Your colleague did a Monte carlo simulation of returns for these 5 funds and saved the results in Excel "Fund_Performance.xlsx" in "Problem 3" folder.

### Questions - For all questions here, you can just do it in Excel or any application you like (Matlab or Python).


1. Could you please calculate Var_95, CVaR_92.5 and CVaR_97.5 for these 5 funds respectively from the ***simulated returns?
2. Could you please calculate ***Parametric*** Var_95, CVaR_92.5 and CVaR_97.5 for these 5 funds respectively?
3. Estimate VaR_95 using methods in Problem 2 and do a comparison to historical and parametric VaR_95.

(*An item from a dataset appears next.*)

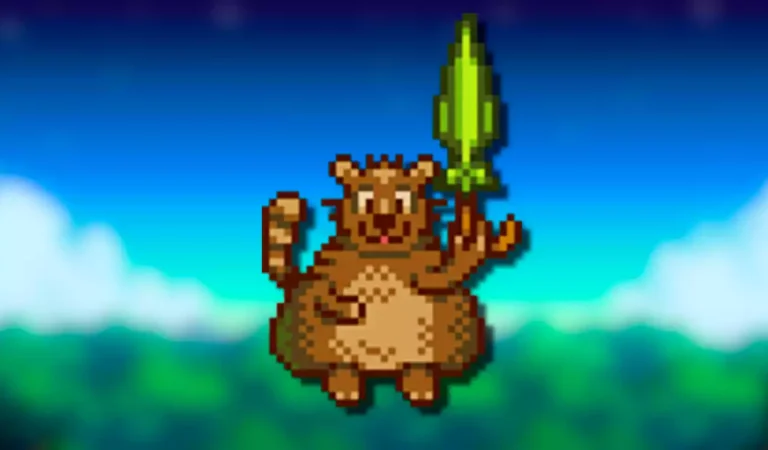 Stardew Valley: Tudo sobre o Urso do Lixo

4. Assume a portfolio composed of funds A to E equally weighted and rebalanced daily and please estimate VaR_95 and CVaR_95 of the portfolio.
5. Bonus point - 
    *a. Check if your colleague did the Monte Carlo simulation of returns correctly from the results
    *b. How can you fix it? - Just describe what's the problem and how to fix it should be enough, not necessarily code it.